There are things that we know that we know. For example, two plus two is four, and water is made up of two hydrogen molecules and one oxygen molecule. And there are things that we know that we don't know. For example, the exact number of stars in the universe or the exact number of grains of sand on the beaches of our planet.

But there are also things that we do not know that we do not know until we discover that we do not know. 

For example, NASA scientists recently announced that the Perseverance rover managed to open a Martian rock inside which "something never seen before was seen." In fact, it is not yet known exactly what was found in the rock, but it is believed that they could be signs of Martian microbial life from billions of years ago.

In other words, we did not know that we did not know that (if the finding is confirmed) there were traces of microbes on the rocks of Mars.

Also, we did not know that we did not know that in the center of the Milky Way there is a mysterious barrier that prevents half of the cosmic rays from reaching the center of our galaxy. But recently a team of researchers from the Chinese Academy of Sciences detected the presence of this barrier, surrounding the central molecular zone of the galaxy.
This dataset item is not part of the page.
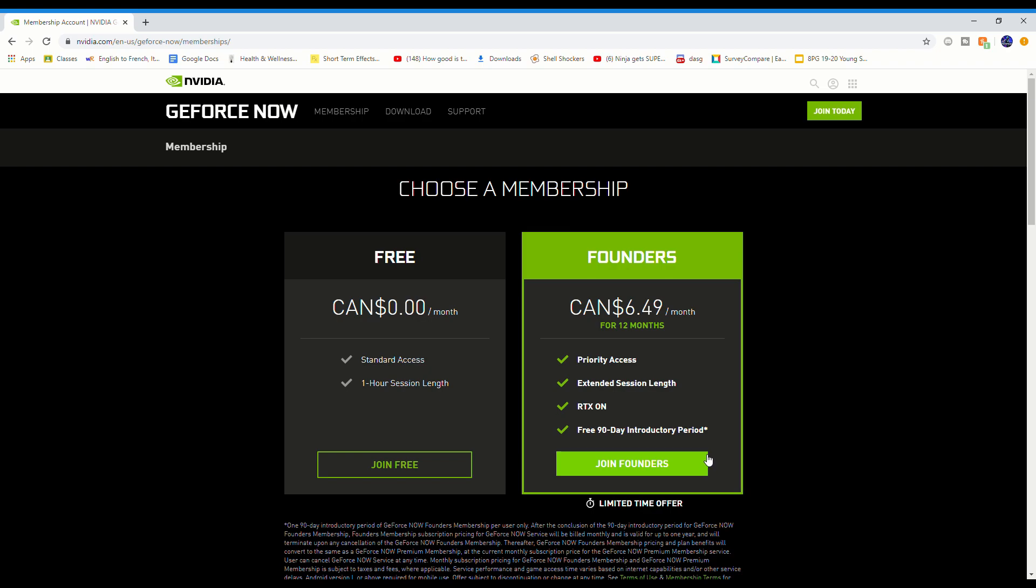You literally don't have to pay a single dime for this. It's one of the most amazing things I did because I got free 90 days, paid zero dollars for my Founders pack, and get extended play sessions and everything.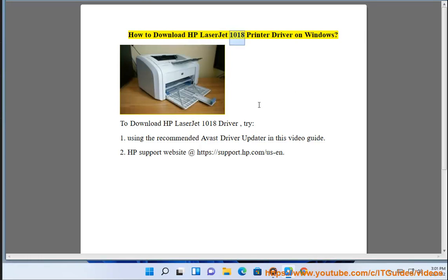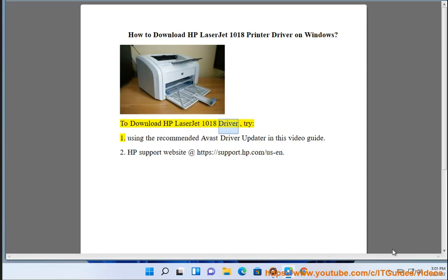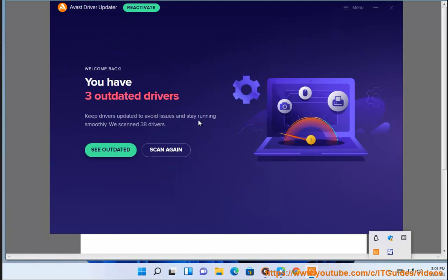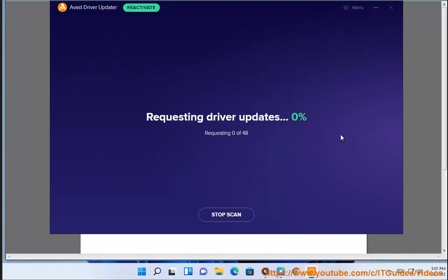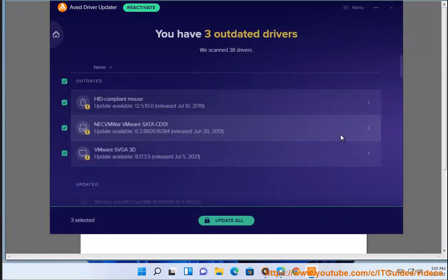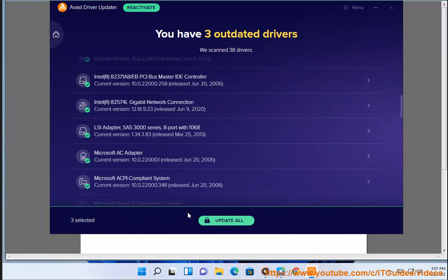How to download HP LaserJet 1018 printer driver on Windows. To download the HP LaserJet 1018 driver, try: 1. Using the recommended Avast driver updater, as shown in this video guide. 2. The HP support website at https://support.hp.com/us-en.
We did not know that we did not know that this barrier existed and until now we do not know what it is.

And according to the English scientist Michael Rowan-Robinson, of the Imperial College of London, he and colleagues would have found a new planet in our solar system, orbiting about 15 astronomical units from the sun (that is, 15 times the distance from the sun to the earth).

We did not know that we did not know that there could be a planet several times larger than the earth at that distance from the sun.

The examples could be multiplied, but the teaching is clear: we do not know what we do not know until we begin to know it. Meanwhile, everything we think, say and do is based on our ignorance.

There was a time, until not long ago, when we recognized that there are things that we do not know, but could know (for example, the exact age of the earth) and things that we do not even know that we do not know, recognizing those situations, we say, led to an attitude of intellectual (and existential) humility.

However, ignorance has now ceased to be the learned ignorance of which Cusa spoke to become an arrogant ignorance that falls into the dangerous trap of believing that it knows, but it does not. Believing that you know when you don't know is worse than ignorance itself.

Therefore, discoveries like those mentioned and like many other similar discoveries throughout history are a constant invitation to be cautiously humble about what we think we know.